Nell’ultimo trentennio l’offensiva delle destre a proposito di riscrittura della storia è stata, a fronte dell’evaporazione della sinistra, costante e spasmodica, tanto che siamo pervenuti in un battibaleno all’istituzione del ‘Giorno del Ricordo’, con l’incredibile narrazione delle foibe tesa a cancellare l’occupazione nazi-fascista della Jugoslavia e i crimini perpetrati contro i partigiani e i civili. Ora, con un disegno di legge proposto da Fratelli d’Italia che equipara indebitamente Shoah e foibe, si intende perseguire penalmente chi fosse ritenuto responsabile di “negazione, minimizzazione o apologia del massacro delle foibe”.
Se è vero che da tempo il senso comune del nostro Paese è egemonizzato dai discorsi populisti e reazionari delle destre, uno sguardo su quanto è avvenuto nel settembre del 2019 nel Parlamento Europeo, ove una risoluzione di quell’assise ha equiparato nazismo e comunismo, ci indica come il revisionismo storico può emergere in ogni luogo sulla base sia dei governanti di turno, sia del mutare dei rapporti di forza tra le classi.
Prende le mosse da questa clamorosa equiparazione l’agile saggio dello storico Adriano Prosperi “Un tempo senza storia”, che nel sottolineare come quella risoluzione “non reggerebbe alla prova di un esame di scuola media”, si interroga appassionatamente sulle cause e le ragioni per cui si è verificata una tale distruzione del passato, una interruzione della trasmissione inter-generazionale e, più in generale, una preoccupante perdita del senso della storia.
Innanzitutto, dopo il 1989 le classi dominanti avevano scommesso sulla tesi della “fine della storia” veicolata da Francis Fukuyama, stante l’affermazione del capitalismo su scala globale, assegnandole quindi “uno spazio vicino allo zero nella formazione dei giovani e nella vita sociale”. Al contempo, la rivoluzione informatica ha determinato una accelerazione e una mutazione profonda della percezione delle categorie di spazio e tempo, cosicché alla massa di informazioni ora disponibili tramite Internet o cliccando su Google non corrisponde quell’assimilazione dei saperi che da sempre è permessa solo da un lento e impegnativo studio quotidiano.

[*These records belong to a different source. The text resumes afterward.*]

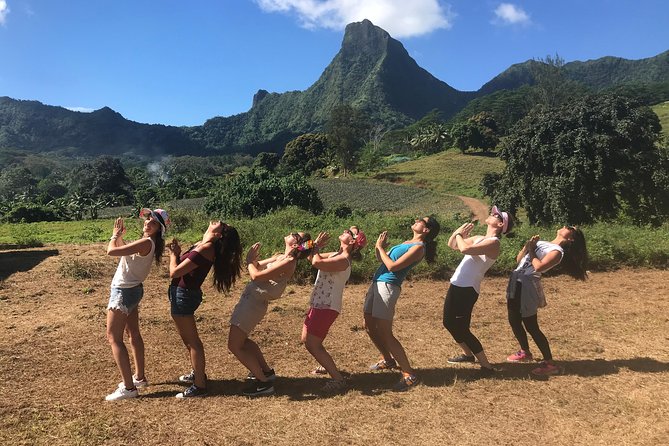 Private Tour Moorea 4WD - Belvedere Pineapple Farm, Magic Mount. - Pickup, timing, and comfort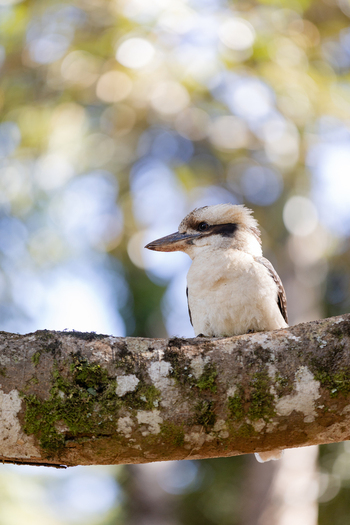 View of a laughing kookaburra perched on a mossy tree branch in Maiala D Aguilar National Park Mount Glorious Brisbane Queensland Australia. View of a laughing kookaburra perched on a mossy tree branch in Maiala D Aguilar National Park Mount Glorious Brisbane Queensland Australia.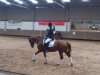 broodmare Geraldine (German Riding Pony, 2001, from FS Golden Highlight)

Inoltre, nel campo scolastico l’insegnamento della storia e della geografia è stato progressivamente marginalizzato, in quanto gli orientamenti dominanti assegnano il primato ai saperi funzionali e spendibili immediatamente sul mercato del lavoro, svalutando ad esempio quei percorsi formativi umanistici che permettono di conseguire il titolo della laurea. Dopodiché non sorprende se, in base ad un sondaggio 2020 di Eurispes Italia, il 15,6% del popolo italiano non crede che la Shoah sia mai esistita (era il 2,7% nel 2004), per cui tristemente - ci ricorda Prosperi a proposito della dolorosa testimonianza di Liliana Segre - trionfano in tutta Europa i predicatori d’odio contro i nemici (migranti, musulmani, ebrei, ecc.) individuati come tali di volta in volta.

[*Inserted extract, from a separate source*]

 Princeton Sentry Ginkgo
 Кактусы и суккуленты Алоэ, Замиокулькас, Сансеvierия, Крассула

Ma l’ascesa dei movimenti xenofobi e populisti che esprimono questi leader - si veda la vicenda dell’Afd in Germania - è indubitabilmente il prodotto di grandi fratture sociali, in seguito, ad esempio, al fallimento della riunificazione tedesca, di nuove alienazioni ed estraneazioni che evidenziano l’assenza di quel futuro radioso che i cantori del neoliberismo avevano tranquillamente lasciato credere. Tanto che il rapporto del Censis del dicembre 2019 ha segnalato come la scomparsa del futuro sia la malattia che affligge in maniera inquietante il popolo italiano, giacché l’ascensore sociale risulta bloccato, la precarietà e i bassi salari dilagano come non mai, mentre vantiamo il record europeo per i giovani tra i 18 e i 24 anni che non lavorano né studiano; confinati, purtroppo, in un eterno presente.

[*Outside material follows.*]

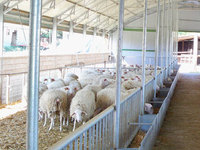 В сельхозформированиях Татарстана поголовье овец увеличилось на 5,3 тысячи голов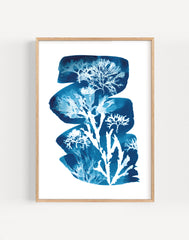 Seaweed Cyanotype Art Print Tideline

D’altronde, le aspettative legate al concetto di durata storica sono venute meno quando le istanze di riscatto sociale sono scomparse dall’immaginario politico e simbolico, in seguito alla “grave sconfitta delle classi subalterne”. Una grave sconfitta che Prosperi rintraccia, sulla scorta dell’imprescindibile lascito marxiano, nelle caratteristiche del modo di produzione capitalistico, che, reificando il tempo di lavoro nell’incessante produzione di merci, tende a occultare e quindi a svalorizzare il contributo determinante delle classi salariate.